In a submission to the current Productivity Commission inquiry into Data Availability and Use, EFTPOS provider Tyro Payments said Australia must move quickly on its data rules if it wants to become a global fintech hub.
Tyro co-founder Andrew Rothwell said the UK and the European Union are “well advanced” when it comes to open data and open API (application programming interface), and that Australian is “lagging behind”.
“If Australia is late in delivering open data and open API reforms in this country, the fintech revolution will take place elsewhere,” Mr Rothwell said.
“Customers are currently being locked out of financial services products and solutions such as alternative lenders or comparison, advisory, financial management and payment services that are designed specifically to meet their needs by innovators who can deliver,” he said.
Customer transaction data “belongs to the customer”, he said.
“Banks should be forced to give their customers the right and the ability to share that data with third parties that are licensed under the APRA or who have an Australian financial services licence or an Australian credit licence,” Mr Rothwell said.

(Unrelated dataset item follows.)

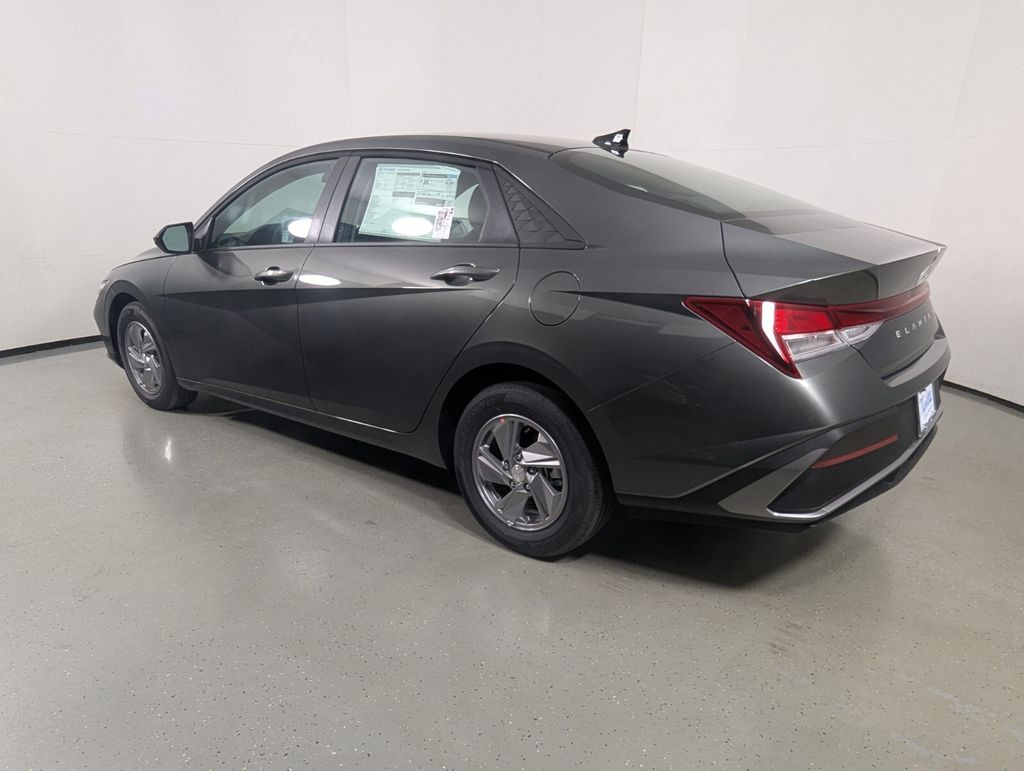 2025 Hyundai Elantra SE - Photo 6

“By refusing to allow customers to make their data and accounts available to regulated third parties, banks will continue to control the snail’s pace of innovation in Australia – to the detriment of the Australian consumer,” he said.
Banks wouldn't necessarily be the losers from a more open data world, Mr Rothwell said – in fact, it could enable them to become more of a ‘platform’ for other services.
“Once fintech innovators have been granted permission to analyse, integrate and share data as consumers see fit, they will unleash a vast wave of new products that will give consumers more choice, while increasing the value of their existing products,” he said.
“This industry is going to revolutionise how consumers and businesses interact in the future.
“If Australia is going to become the next fintech hub of Asia, that revolution needs to happen here,” Mr Rothwell said.